5.0 RATIONS AND COOKING

5.1 Food

A. Only period-correct foods should be eaten in the campaign camp. Military-issue rations should make up the bulk of these items.
B. In most campaign situations, rations are limited to salt pork (slab bacon), fresh or salt beef, hardtack, coffee and sugar, as these were the government-issue "staples" that the soldier could (usually) count on receiving without resorting to procuring food from outside camp.
C. Depending on the scenario, additional issue items such as beans, peas, fresh or desiccated vegetables, etc. may be used.
D. "Foraged" items should be used only if appropriate to the scenario. These will be limited to those items documented as having been appropriated by Civil War foragers for the scenario portrayed (i.e. apples are not appropriate for a springtime scenario).
E. Soft bread is inappropriate except in scenarios where documentation supports its use.
F. Use of canned goods is improper for campaign scenarios as these items were expensive, heavy, and usually unavailable because sutlers normally disappeared during active campaigning.
G. All foods should be wrapped in period materials such as brown paper, newspaper, rags or cloth bags. Plastic or aluminum packaging is forbidden.
H. Coolers are forbidden.

5.2 Cooking Equipment ("Mess Furniture")

A. Members are highly encouraged to minimize their cooking equipment. Those mess items that are used should be spread among the men of a mess and shared in common.
B. If used, frying pans shall be made of tin-plated or unfinished stamped steel, riveted with a stamped steel or cast iron handle (skillet bodies of cast iron are not correct for the period). Frying pans should be small enough (8-inch diameter or less) to be comfortably carried while on campaign.
C. Documentation shows that soldiers used canteen halves and tin plates as substitutes for frying pans. Skillets were improvised by using slit branches (preferably of green wood, for lower burning potential) for handles. Carrying a canteen half strapped to the regular canteen seems to be a reenactor practice and is unsupported by historical evidence.
D. Most meat was fried, boiled, or roasted. Members of the 122nd are highly encouraged to use period cooking methods to prepare food. A forked tree branch over the campfire makes an excellent cooking implement for roasting meat.
E. Metal fire grates or spits are not allowed, because soldiers on campaign could not and did not carry such bulky, heavy impediments.
F. Knives, forks, and spoons must be of Civil War style. Civilian forks are generally three-pronged, and utensils should have either bone or wood handles. Federal issue flatware was hot-tinned-dipped, stamped sheet iron; issue forks had four tines. Avoid using any utensil of stainless steel. Nineteenth century utensils are affordable and can usually be found at flea markets, antique stores, and Civil War relic shows. The use of privately purchased knife-spoon-fork combinations is over-represented in the hobby.

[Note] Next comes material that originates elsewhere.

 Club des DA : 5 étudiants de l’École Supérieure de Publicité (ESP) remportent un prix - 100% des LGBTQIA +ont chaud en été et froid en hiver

G. All Members should have a tin plate or canteen half and Federal-army issue tin cup or improvised boiler. Tin cups have reinforced edges and handle and are assembled with lead-free solder. Tin cups shall not have "crimped" bottoms (i.e. they shall not have a lip similar to a modern can). Tin "billie cups" or "muckets" with a lid and bail is discouraged because its use is not adequately documented.

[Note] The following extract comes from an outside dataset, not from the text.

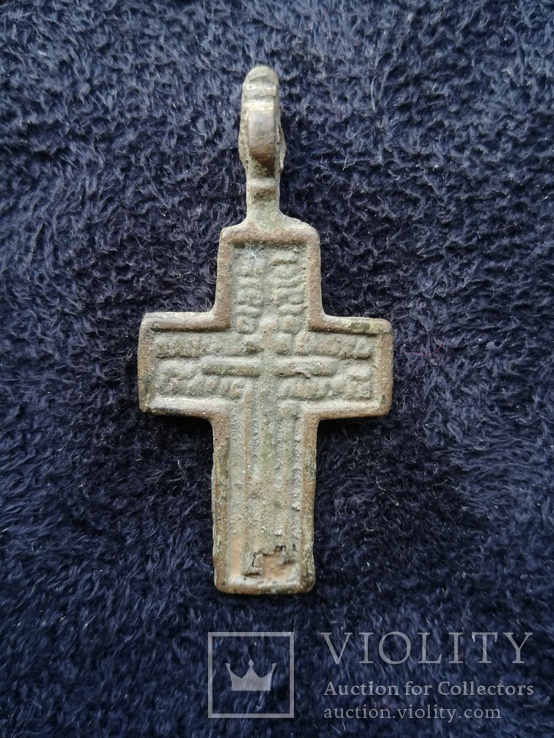 Старинный нательный крест 2, фото №2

H. Members are encouraged to add their own wire bails to their tin cups instead of buying them with bails already attached.

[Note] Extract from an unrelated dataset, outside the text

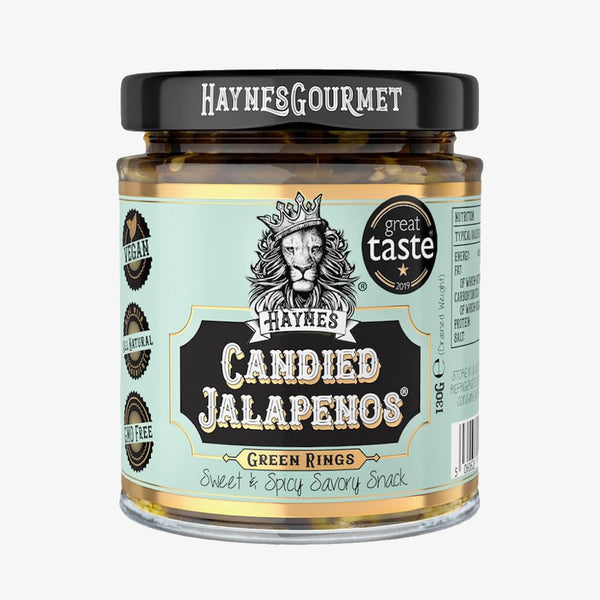 Haynes Gourmet Grønne Kandiserede Jalapenos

I. Members are encouraged to improvise coffee coolers to supplement or replace tin cups. The most popular style of cooler was a simple period vegetable can with a bail wire attached. If used, such cans must have smooth sides and shall not have "crimped" bottoms.
J. Tin plates should be heavy-duty tin-plated sheet metal plates and not deep "pie pans". There was a multi-piece issue tin-plated "dish" that resembled a pie pan, but it was issued on a very limited basis and only in the first year of the war. Furthermore, the "pie pan" dish sold by sutlers today does not resemble the originals.
K. Stainless steel mess furniture is prohibited.